Authors: Joe Putignano
I found deep pleasure and satisfaction in my desire to hurt her. She deserved it; she was responsible for my despair; she was the woman who clipped my wings. Her boyfriend received the same treatment. I never missed an attack as he walked by, cursing him like I was a vengeful gypsy as I sent all forms of psychic torture his way. I was upset with Michael for bringing me to that house of darkness. Then I realized that despite our nonworking relationship, my mother was not pushing me out, but reaching out to help me in her own way. And I returned the touch of her kind hands with poison. If I stayed there I’d end up back at the nuthouse, so I begged my father for another try. I went back to his house, where he set some rules for me. It was like caging a hurricane, since rules were never part of my upbringing, but I agreed to them in an attempt at normalcy.
The house rules were no alcohol or other drugs. My father would keep my medication and administer the two pills like the nurses did in the crazy ward. I liked this plan, because we were trying to heal my wounds. He spoke with the pharmacist and told her he wanted to wean me off of my medication. She told him it might take a very
long time and to be patient while we made little changes at first. I was defenseless against the overpowering urge to take more pills after swallowing even the tiniest dose of medication, and I didn’t know why.
I told myself I didn’t need any weaning and could do it like I did things in gymnastics and stop completely, and so I called upon the strength of my childhood warrior. I would find that pinpoint dedication to just quit and not use alcohol or other drugs, no matter how bad the detox got and no matter how bad I felt. As a gymnast I was stronger than most people, and would refrain from using those fucking pills that were killing me. The quickest way for me to start getting back on track was exercise—finding myself again through sweat and endorphins.
On a beautiful morning by the sea I started jogging toward my new destination, with anxiety trailing close behind. Inhaling the saltwater air, I watched the beach pass by as each stride drove a deep footprint into the soft sand. A small runner’s high started to hit and I smiled, but panic was still there behind me. Then panic came through me, matching my pace and growing from the ground below me. It became so physical that I couldn’t breathe. I began to shake and sweat, not knowing what had happened. I tried to catch my breath as my heart pounded in my chest. I would outrun this feeling. I knew I could beat it, knew I could get over this hump, so I ran as fast I could through the sand, pushing out the anxiety that was streaming through my veins.

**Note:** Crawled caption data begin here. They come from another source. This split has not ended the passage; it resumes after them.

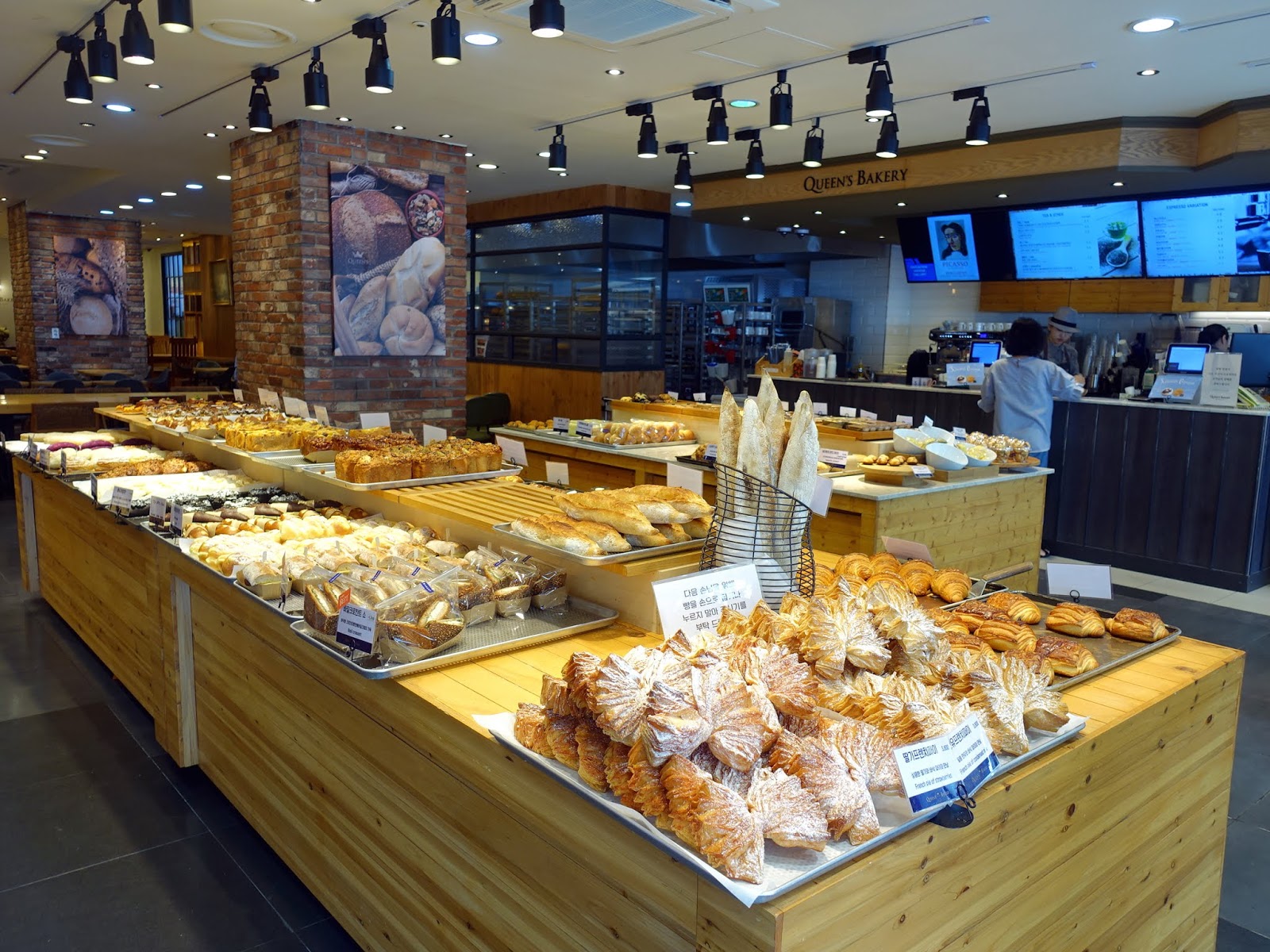 Queen's Bakery and Cafe (Seoul, SOUTH KOREA) ★★★☆☆ A traveling foodie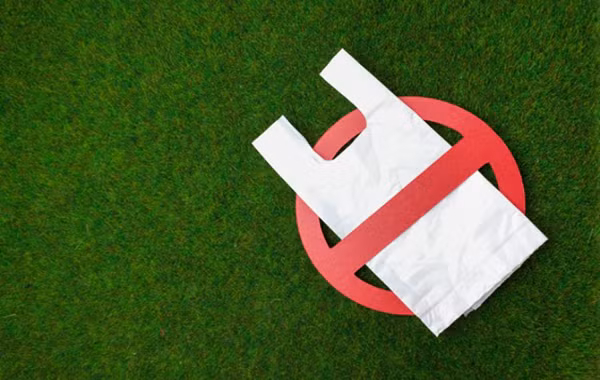 Doanh nghiep ban le chong rac thai nhua: Nhin tu the gioi den Viet Nam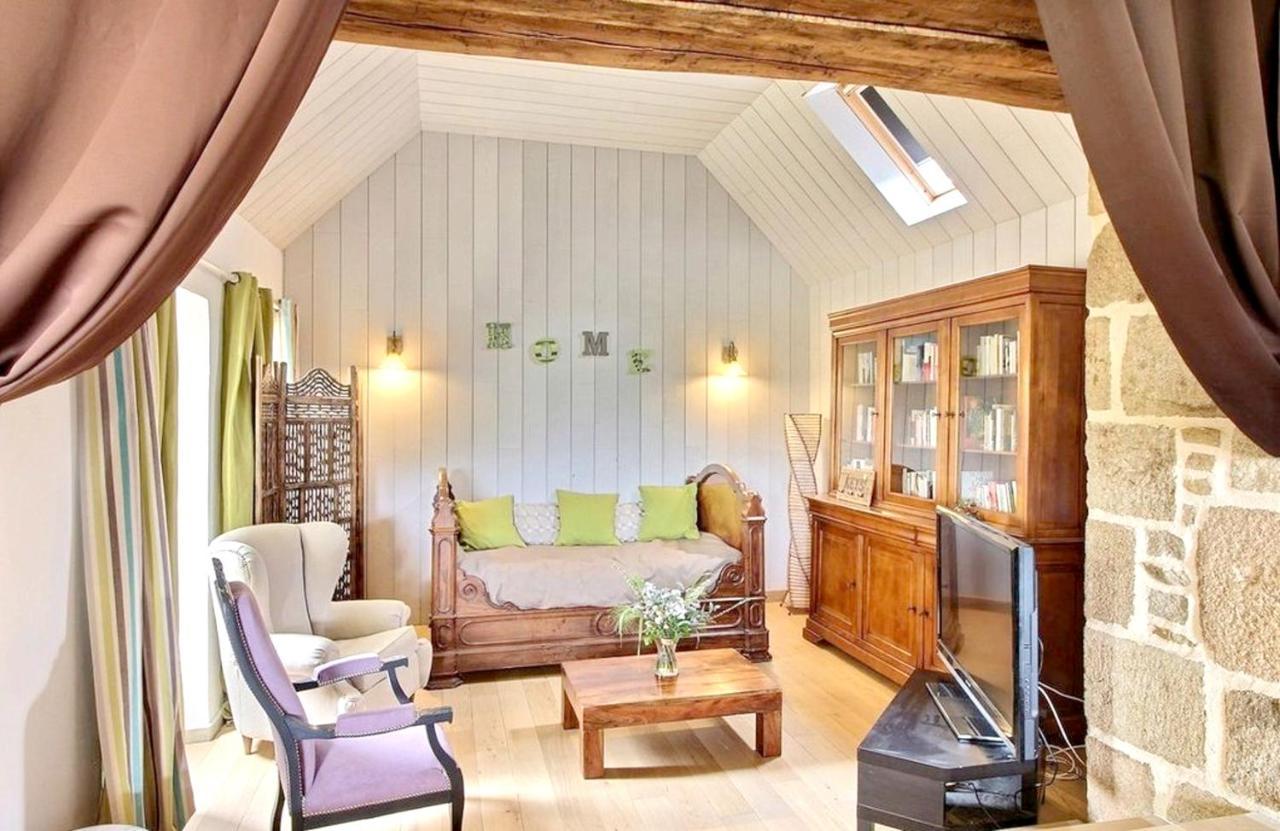 Maison Spacieuse A Plougonven Avec Jacuzzi Et Jardin Bagian luar foto
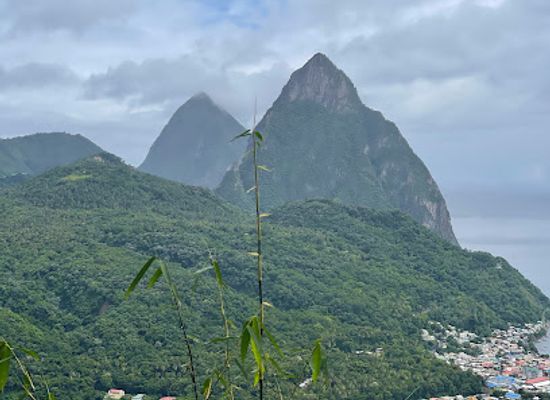 saint-lucia/pitons/landmark/st-lucia-sulphur-springs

As I ran along the curve of the waves crashing into the beach, the world suddenly went crooked and upside down like I was inside a snow globe. I tried to keep running and fight the dizziness, but the pressure inside my head was extraordinary, and my skull bounced onto the sand. I refused to stay down; a gymnast could handle balance in any situation, so I stood up, but was aggressively pushed back down. My body repeatedly smacked against the wet sand, hurling itself over and over, in complete powerlessness.
I don’t remember standing up or going home, but as I walked through the front door my stepsister looked over at me from watching TV in the living room and said, “My god, Joey! What happened to you?”
I didn’t know what she was talking about. “You’re covered in sand and it looks like you threw up all over yourself.” I looked down and noticed foamy puke all over the front kangaroo-pouch pocket of my favorite raver hoodie. I called the pharmacist my father had talked to earlier and she said I had had a seizure, and this was the result of stopping my medication. She insisted I slowly wean myself off the pills and that it could take months. I was scared because I knew I couldn’t decrease the dosages. If I took even the smallest amount, I would lose all of my senses and go crazy.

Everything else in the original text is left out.